DATA SHOWN
-------

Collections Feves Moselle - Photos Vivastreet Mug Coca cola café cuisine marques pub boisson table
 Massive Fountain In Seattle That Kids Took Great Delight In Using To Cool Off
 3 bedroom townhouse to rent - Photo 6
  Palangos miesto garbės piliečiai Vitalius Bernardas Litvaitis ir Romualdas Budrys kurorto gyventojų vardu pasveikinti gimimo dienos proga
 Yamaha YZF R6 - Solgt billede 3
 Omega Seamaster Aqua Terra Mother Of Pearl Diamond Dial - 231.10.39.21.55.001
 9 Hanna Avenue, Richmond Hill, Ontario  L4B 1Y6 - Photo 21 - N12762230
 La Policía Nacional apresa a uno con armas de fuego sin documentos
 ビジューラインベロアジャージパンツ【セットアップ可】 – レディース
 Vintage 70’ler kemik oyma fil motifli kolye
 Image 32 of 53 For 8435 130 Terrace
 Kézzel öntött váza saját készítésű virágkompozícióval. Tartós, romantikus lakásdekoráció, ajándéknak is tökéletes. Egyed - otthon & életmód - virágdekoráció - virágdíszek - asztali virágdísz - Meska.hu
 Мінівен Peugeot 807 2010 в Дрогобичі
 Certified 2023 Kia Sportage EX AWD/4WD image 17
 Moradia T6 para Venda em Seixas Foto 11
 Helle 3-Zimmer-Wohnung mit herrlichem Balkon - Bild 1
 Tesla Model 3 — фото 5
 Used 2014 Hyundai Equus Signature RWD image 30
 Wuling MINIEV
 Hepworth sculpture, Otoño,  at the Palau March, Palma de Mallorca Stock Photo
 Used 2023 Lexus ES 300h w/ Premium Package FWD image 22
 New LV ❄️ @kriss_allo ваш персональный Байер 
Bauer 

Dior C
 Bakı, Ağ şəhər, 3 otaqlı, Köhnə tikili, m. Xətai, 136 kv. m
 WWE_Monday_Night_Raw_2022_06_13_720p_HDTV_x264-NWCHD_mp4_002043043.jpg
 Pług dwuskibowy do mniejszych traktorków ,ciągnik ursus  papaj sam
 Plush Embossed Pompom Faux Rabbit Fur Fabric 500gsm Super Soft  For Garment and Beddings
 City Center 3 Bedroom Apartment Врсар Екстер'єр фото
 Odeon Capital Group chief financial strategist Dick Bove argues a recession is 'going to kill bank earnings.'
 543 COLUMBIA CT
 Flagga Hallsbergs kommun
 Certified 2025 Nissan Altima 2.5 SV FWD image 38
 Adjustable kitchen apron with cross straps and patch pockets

-------

Exactly the lines from the one containing "Kézzel öntött váza" through the last line of the material above are to be returned, with nothing else.

EXERCISE OUTPUT
 Kézzel öntött váza saját készítésű virágkompozícióval. Tartós, romantikus lakásdekoráció, ajándéknak is tökéletes. Egyed - otthon & életmód - virágdekoráció - virágdíszek - asztali virágdísz - Meska.hu
 Мінівен Peugeot 807 2010 в Дрогобичі
 Certified 2023 Kia Sportage EX AWD/4WD image 17
 Moradia T6 para Venda em Seixas Foto 11
 Helle 3-Zimmer-Wohnung mit herrlichem Balkon - Bild 1
 Tesla Model 3 — фото 5
 Used 2014 Hyundai Equus Signature RWD image 30
 Wuling MINIEV
 Hepworth sculpture, Otoño,  at the Palau March, Palma de Mallorca Stock Photo
 Used 2023 Lexus ES 300h w/ Premium Package FWD image 22
 New LV ❄️ @kriss_allo ваш персональный Байер 
Bauer 

Dior C
 Bakı, Ağ şəhər, 3 otaqlı, Köhnə tikili, m. Xətai, 136 kv. m
 WWE_Monday_Night_Raw_2022_06_13_720p_HDTV_x264-NWCHD_mp4_002043043.jpg
 Pług dwuskibowy do mniejszych traktorków ,ciągnik ursus  papaj sam
 Plush Embossed Pompom Faux Rabbit Fur Fabric 500gsm Super Soft  For Garment and Beddings
 City Center 3 Bedroom Apartment Врсар Екстер'єр фото
 Odeon Capital Group chief financial strategist Dick Bove argues a recession is 'going to kill bank earnings.'
 543 COLUMBIA CT
 Flagga Hallsbergs kommun
 Certified 2025 Nissan Altima 2.5 SV FWD image 38
 Adjustable kitchen apron with cross straps and patch pockets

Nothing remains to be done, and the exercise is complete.